Molina bids to tame heavyweight champ Joshua as late call-up

MANCHESTER, England (AP) — He's the accidental challenger with a checkered boxing record who, away from the ring, teaches kids with special educational needs at a high school.

Eric Molina, in many ways, is an improbable contender for the world heavyweight title.

The American was a late call-up to fight IBF champion Anthony Joshua after the British boxer's proposed super-fight with Wladimir Klitschko failed to be approved in time.

The experts see Molina as the latest fodder for Joshua on his inexorable rise to the top of the heavyweight division, where he's won all 17 of his professional fights by knockout.

But it might be unwise to write off Molina ahead of Saturday's fight in Manchester, northern England.

Molina prides himself on his ability to bounce back from adversity, and he's had plenty of that in a boxing career that began only in 2006. A strong all-round sportsman, especially at baseball, he was studying at college and working in a restaurant when he decided to give boxing a try.

He lost in a first-round knockout on his pro debut in 2007, and again in 2012 when Chris Arreolo brutally ended Molina's run of 18 wins. A third career loss came last year against WBC champion Deontay Wilder in Molina's only previous shot at a world title.

Still, he came back for more, and beating Poland's Tomasz Adamek in Krakow with a 10th-round knockout earned Molina the vacant IBF intercontinental title. When talks with Klitschko broke down, Joshua's team turned to Molina.

"I started my career 0-1, so of course I'm the underdog," Molina told The Associated Press in a Manchester hotel on Thursday. "To get here, I've busted all the underdog odds.

"I've been down and I've regrouped. ... Now I want to shake the world."

There's more to Molina than boxing. In 2012, he got a master's degree in special education from the University of Texas at Brownsville, and teaches in a school in Edinburg. He hasn't worked at the school since last summer to fully focus on boxing but plans to return, perhaps next August.

"They have a couple of strikes against them in their lifetime already," Richard Molina, Eric's father, told the AP about his son's students, "so he decided if he can help each one of them and make their lives better, that's what he does.

"It makes him unique (as a boxer). His humbleness will never fade."

That humbleness extends to the boxing ring. He's not one for trash talk before and after fights, and treats his opponents with respect. He turned up to Thursday's prefight news conference looking sharply dressed, wearing a waistcoat and a bow tie.

Joshua is making the second defense of the IBF title he won in April by beating Charles Martin in London. He beat Dominic Breazeale in June, also in the British capital, after being taken seven rounds — his longest fight since turning pro in 2012 after winning an Olympic gold medal in London that year.

Joshua has barely been tested as a pro but most are in agreement that Molina is a credible challenger, and Joshua's most dangerous fight to date.

"We've specifically trained to land the knockout shot," Molina said, when asked how he has prepared for the fight. "There's nothing else we've worked on, other than landing that shot."

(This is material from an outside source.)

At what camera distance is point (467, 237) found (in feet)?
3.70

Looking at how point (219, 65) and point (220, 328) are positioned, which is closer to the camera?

That one big punch is his calling card. Against Wilder, it was a clean left hook that wobbled the champion in his home state of Alabama, but Molina couldn't follow it up and was knocked out in the ninth round.

Molina described Wilder as "the best heavyweight in the world right now." Joshua, with his chiseled physique and ferocious punching power, might have something to say about that, although there's a sense that he still has something to prove.

The fight with Klitschko has finally been sanctioned by the WBA for next year, but he said he will not be looking beyond Molina.

"People were asking me 12 months ago, 18 months ago, when you going to fight this guy and that guy?" Joshua said. "I said, 'Give me 12, 18 months,' and that's now.

"Everyone is here because there is the potential of me taking a loss. That's the heavyweight division."

Joshua, though, promised to "make Eric look like a novice," and it will be a big shock if the Briton loses in front of 21,000 spectators at Manchester Arena. Even Molina said he'll need to be "lucky" to win but believes his back-story gives him strength and hope.

"Anthony Joshua's at the point in his career where he needs to get tested," Molina said. "He's hitting that time of his career where he's going to have to start facing situations he hasn't faced before."